人生の目的なしに、過去ばかりに目をやることの危険性。
治ることだけに人生の目標を置くことの危険性。
このふたつ。
人生の目的があれば、病気はその目的を中断するだけであって、目的はなくならない。
病気がなくなることを、人生の目標にしてしまったら、治った時点で生きる目標がなくなってしまう。
病気が治って、病気を手放して、人生の目的を失って、立ちすくむくらいなら、
過去や病気を自分の中に内包しつつ、自分の人生の目標に向かって歩こう。
過去や病気のせいで、前に進めないのではない。
人生の目標を明らかにしていないだけなのだ。
では、どうやって明らかにしていくのか?
例えば、音楽に親しめないとする。
音楽に価値を見出せないのだ。
音楽は無駄だと思う。一文の得にもならないと。
その価値観は、自分の体験から得たものなのか?
違う。
刷り込まれたものだ。
その刷り込みの裏で、
「音楽は楽しい。楽しみたい。

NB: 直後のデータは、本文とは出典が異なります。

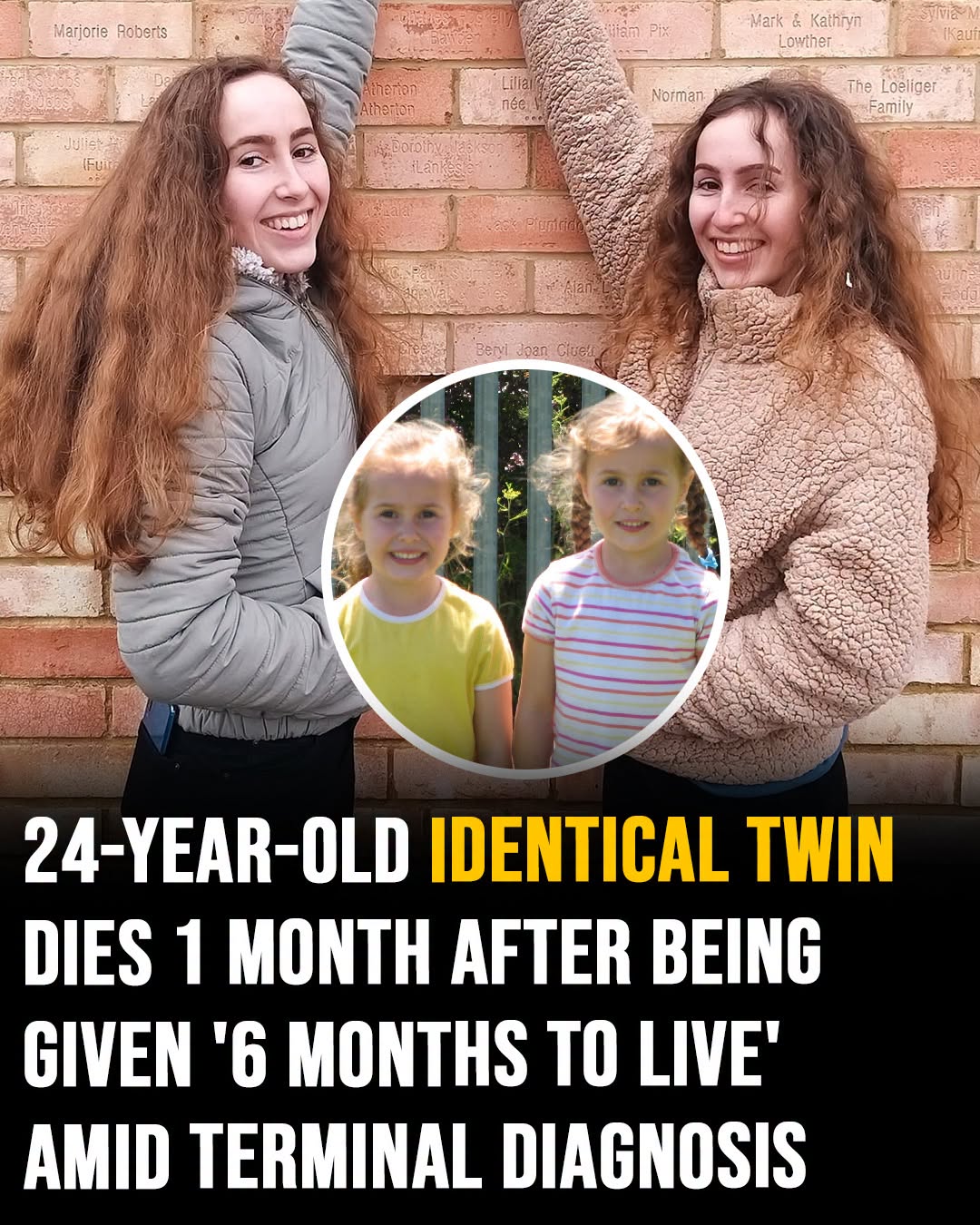 24-year-old identical twin dies 1 month after being given ‘6 months to live’ amid terminal diagnosis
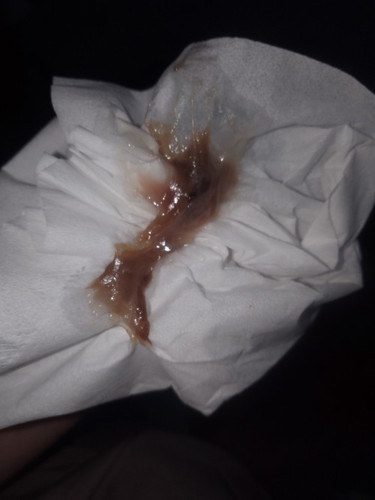 Apakah tanda bersalin keluar flek coklat Gini?  Solusinya gimna ya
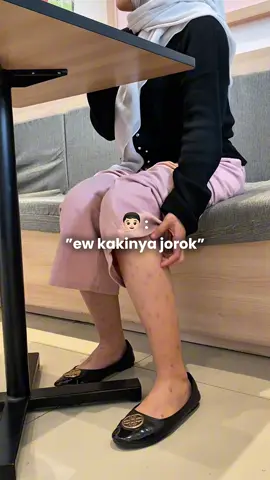 gamau gini lagi🥺 #fyp #trending #bekasluka #darahmanis #korengan #mulus #viral #dsaviorofficial #foryou #fypシ゚viral #putihbersihglowing #glowing #bodycare 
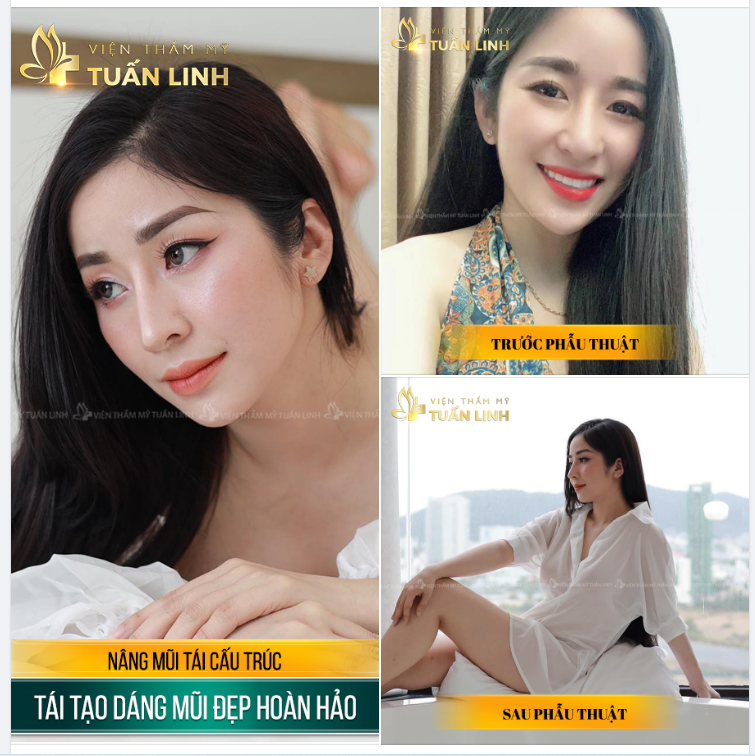 NÂNG MŨI BỊ HỎNG - NỖI ÁM ẢNH KHÔNG CỦA RIÊNG AI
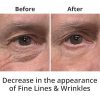 Fast Discount Eye Serum: Instantly Erase Under-Eye Bags, Wrinkles, and Dark Circles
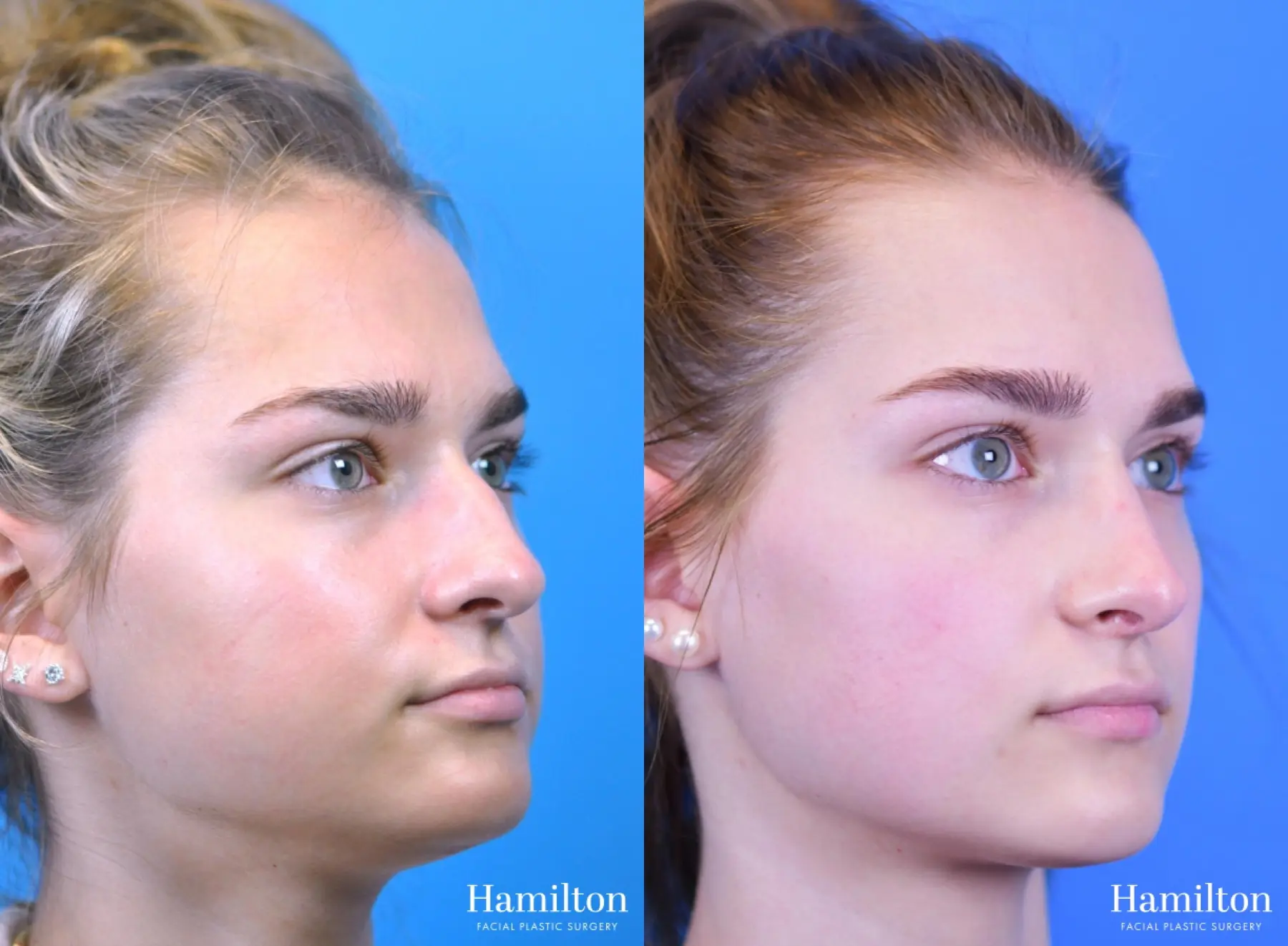 Rhinoplasty: Patient 13 - Before and After 2
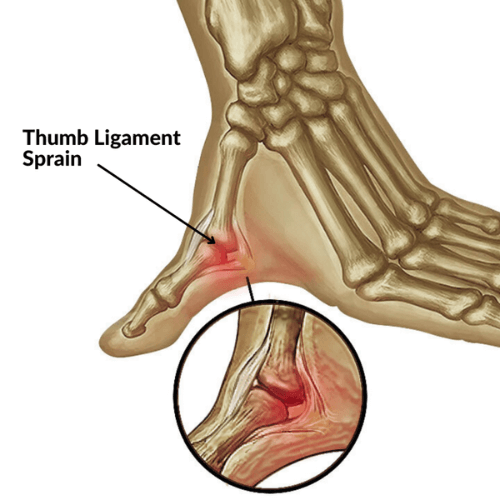 Illustration of a thumb ligament sprain showing ligament damage at the base of the thumb with highlighted inflammation.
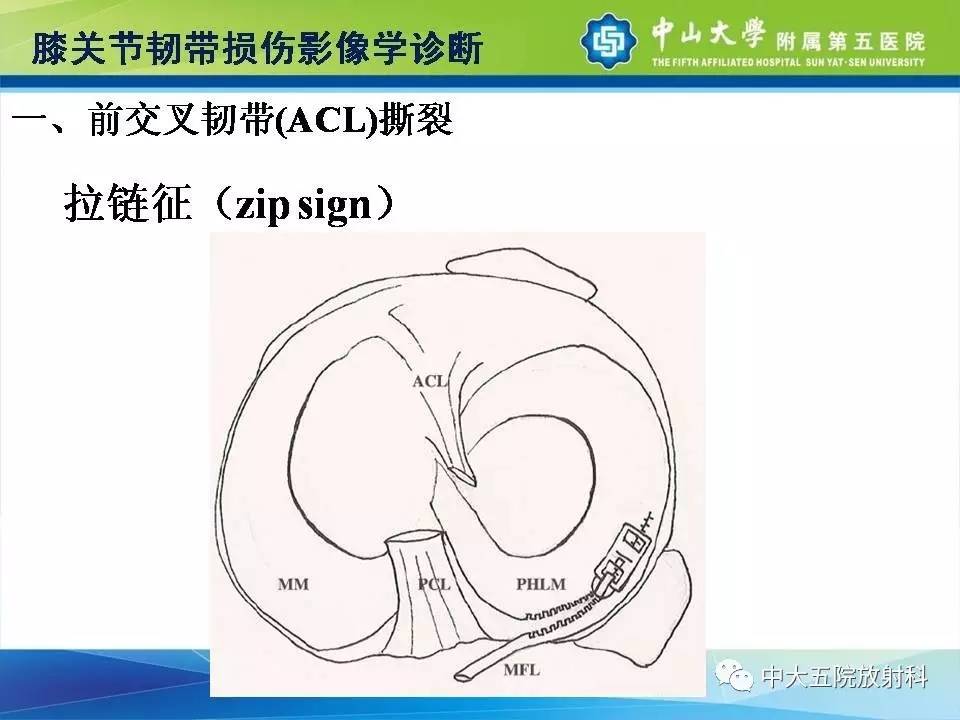 膝关节半月板和韧带损伤的影像学诊断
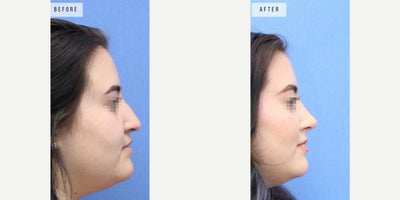 Rhinoplasty before and after photo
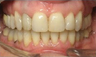 Invisalign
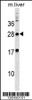 Western blot analysis in mouse liver tissue lysates (35ug/lane) .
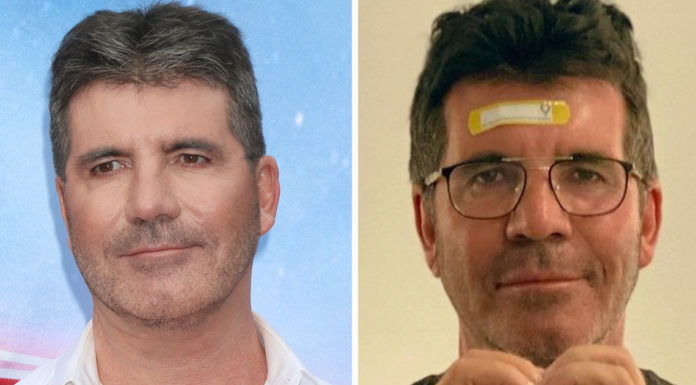 News on Simon Cowell’s health following electric bike accident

無駄は楽しい」
という、本当の自分の気持ちが見捨てられたままある。
刷り込まれたものを、ひとつひとつ脱ぎ捨てていくと、
どこかで、置き去りにされ見捨てられた自分の本当の気持ちに出会うことがある。
自分は本当はこんな風に生きたかったんだ、と気づくかもしれない。
これがしたかったんだ。あれがしたかったんだ。と。
それらが、自分の人生の目標になり得る。
気づいたら、自分の人生の目標に向かって歩こう。